On a balanced view, taken after a detailed reading of the reporting on the meeting, the Prime Minister would be well-advised to discontinue this strange experiment in communication which does little to preserve the dignity of the office. Instead, he should perhaps ask his media advisor to do his job better. Had that been happening, the Prime Minister would not have been pushed into this quixotic move because, after all, the criticism that the Prime Minister doesn't talk was not meant to be taken literally; it was only meant to point out that his views were not getting communicated effectively. Indeed, it was partly to tackle this problem that Ministers have been briefing the media regularly. But the inability of the PMO to interact with the press on a pro-active basis had created the impression that the PM was in hiding. To show that he was not, the meeting was given unnecessary publicity, thus annoying the electronic media which assumes a pre-emptive right on such meetings. Far better results will be achieved if the Prime Minister reverts to the usual practice, not just in India but globally, of informal, seemingly impromptu meetings with the media. These can take place at short notice, anywhere. The essence of good communication is quiet discretion, especially of the kind practised by no less a personage than the Congress president herself. Left to himself, Dr Singh is also quite an expert in that mode; he merely needs to be serviced better by his office.

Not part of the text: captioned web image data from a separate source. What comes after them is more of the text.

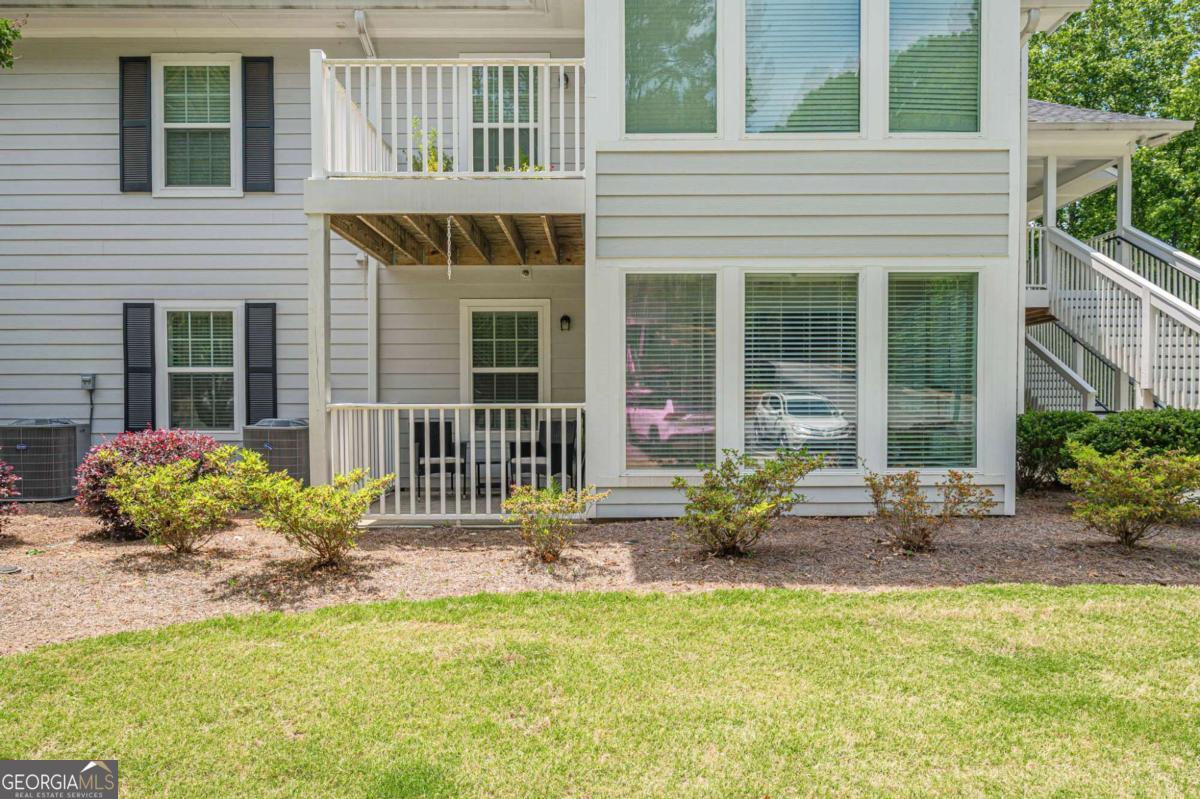 1606 Alexandria Court Se Property Photo 6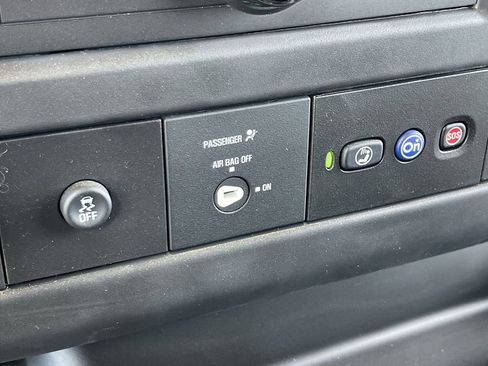 New 2025 GMC Savana 2500 Extended w/ Driver Convenience Package RWD image 14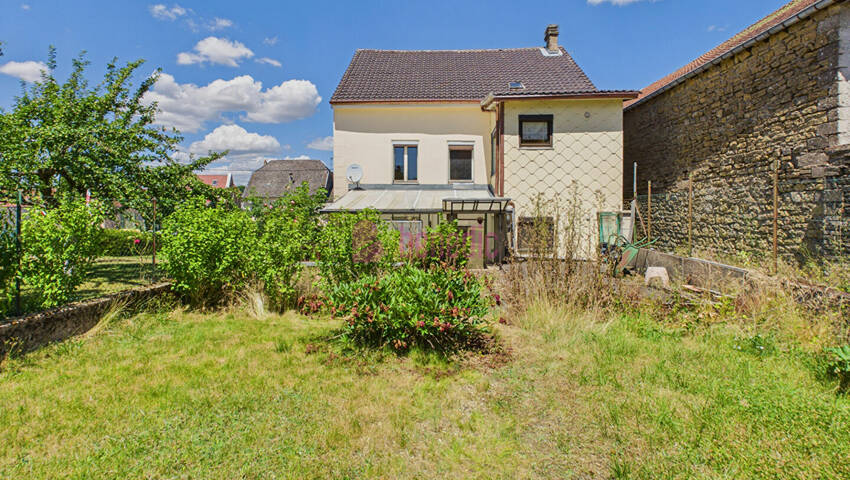 60807526b - Attribut alt par défaut.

That said, the Prime Minister is probably right when he says that things are not as bad as made out by the media. But at least to the extent that this is mainly because of the 24x7 news channels — which like the mythical Kabanda from the Ramayana have an insatiable appetite for bad news and which need to sensationalise even the smallest things to get viewership; it is something he will have to live with, just as his counterparts in other countries do. The trick they have learned is to manage the electronic media, not ignore it. The PMO has let the Prime Minister down in this regard and is expecting him to pull the chestnuts out the fire. Finally, it is not the editors who write the news; it is the reporters. It is with them that the PMO needs to build bridges, not with editors alone.